The Marlin was, and still is, sold by Cape Cod Shipbuilding. In fact, they just finished their first Marlin since '67 or '68 - sold to a guy in Chicago. It was designed by Captain Nat - Nathanael Herreshoff. Originally you could get it in 2 models - a day-sailer - big cockpit small cutty cabin or the cruiser which reverses the cabin/cockpit balance.

Mine, which I recently bought from a good friend was built in 1957 - one of the first 5 Fiberglass hulls. If you go to the Cape Cod Shipbuilding site check out the Atlantic 30 in the one design category - a beautiful boat.

camaraderie 09-15-2008 04:47 PM

Welcome Cortona...only 6 years late on the response...but interesting nevertheless! :D

Cortona 09-15-2008 04:58 PM

Well, I bought a '57 boat - movin' kinda slow all around.
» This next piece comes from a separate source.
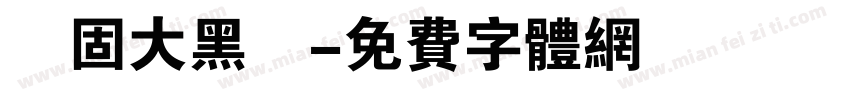堅固大黑體字体转换
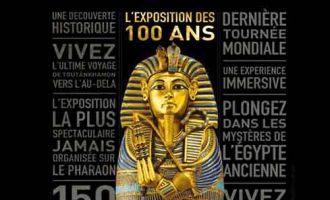 Journée culturelle en France : L’Égypte à Paris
Brodie78 09-24-2008 07:34 PM

Hey Cortona, just saw your message. I have a 1965 Marlin, daysailer version. I'd love to see some pics of your boat and would be happy to share some of mine.
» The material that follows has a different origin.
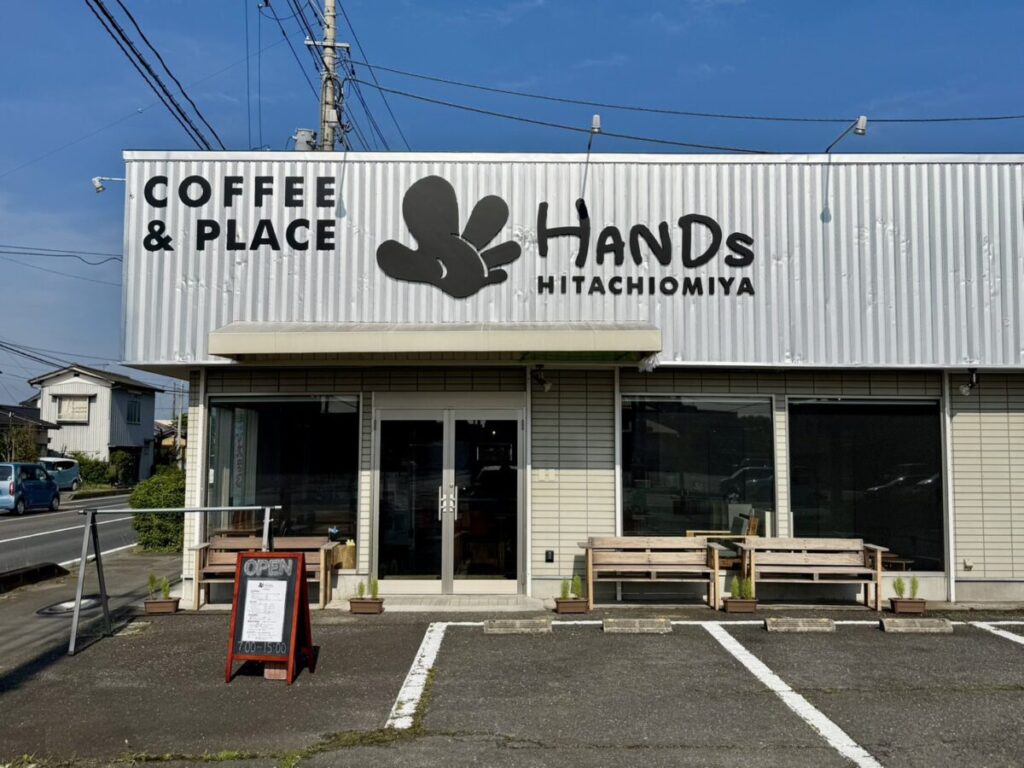 COFFEE & PLACE HANDs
Cortona 09-25-2008 04:16 PM

'57 Marlin

Here are a few pics of my Marlin. At the moment she doesn't look this good and I just sent the magneto off to MAine to be rebuilt - still have the original Palmer single cylinder engine - don't ask why, there is no reasonable answer.

I am new to the forum and a klutz with computers so if the pics I thought I attached are still in cyberspace I'll delegate this to Mrs Cortona who is much better withkeybrds and gigabytes.
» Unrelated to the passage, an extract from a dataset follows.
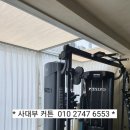 사대부커튼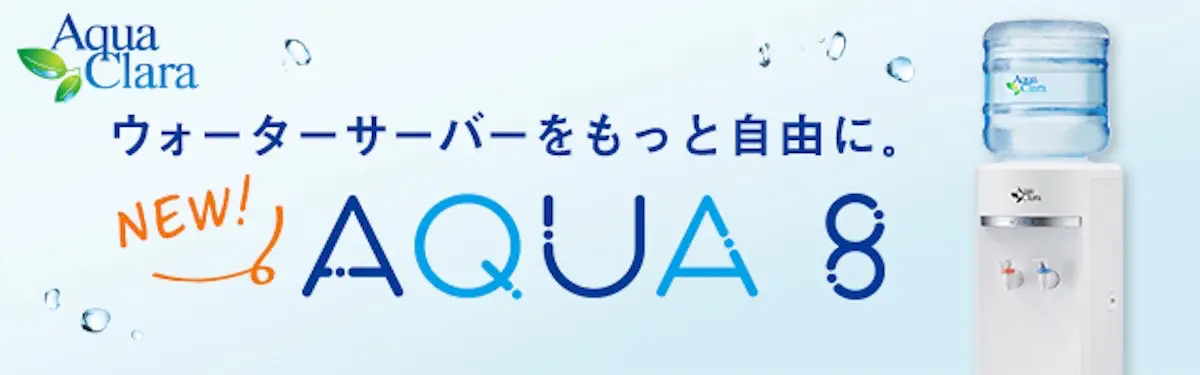 アクア8(アクアエイト)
Brodie78 09-25-2008 04:19 PM

Hey Cortona, I can't see the pics so I'll wait for the Mrs. to post them. At least you have an engine, my boat has a 2 hp outboard that I try to never use as it is loud and annoying, not to mention undersized. I managed to go all season without using it this year. Asym spinnaker helps get me home on those light air days.

Once I get to that ten post limit I'll put up some pics. Trying to find some posts to reply to!

eliotrcutler 04-07-2009 01:58 AM

I have nearly completed the restoration of a Marlin that has been in my family since 1960, and I remain stymied by the pronounced weather helm and whether some adjustments in the rigging might address that problem. Any ideas?

Brodie78 04-07-2009 05:07 PM

The weather helm is a function of the steeply raked rudder post and old-style rudder shape. There are several quick things you can do to help, and a few more major ones.

Easy things:
Reef/ease/flatten the main before the jib. When it's time to reef, I find the boat behaves much better with a reefed main and full jib than the other way around. I have a furling jib so it's easier to just roll up some of the jib but it usually results in more helm.

If it's windy enough to just use one sail, DON'T try sailing with just the main! The boat won't do it. It will, however, sail just fine with the jib only. You won't point terribly well but it can make for a pleasant sail. Try it on a day when it's not too gnarly to see how the boat does. You'll point better the windier it is, if the wind drops to a speed where you need the main, you'll know because you won't be able to sail upwind at all.

More major things:
Shorten the foot of the mainsail...essentially does what putting a reef in does, as far as moving the center of effort further forward. The standard boat has a very long boom as it is (the foot of my main is 11') boat has a 2' fixed bowsprit to move the jib tack forward. Not exactly an overnight project but certainly not beyond the abilities of a good do-it-yourselfer. I can send you pics of mine if you want. I have not sailed a Marlin without a bowsprit so I can't tell you exactly how much of a difference it makes. I do still have a lot of helm sometimes even with the sprit but never so much that the rudder stalls or the boat rounds up. I just heel a lot and slow down if I don't have the boat trimmed properly with the sails.

I suppose the ultimate fix would be to build a new rudder with a more vertical rudder post and more modern shape, but that would be a serious project. I'd love to see what difference it made, though!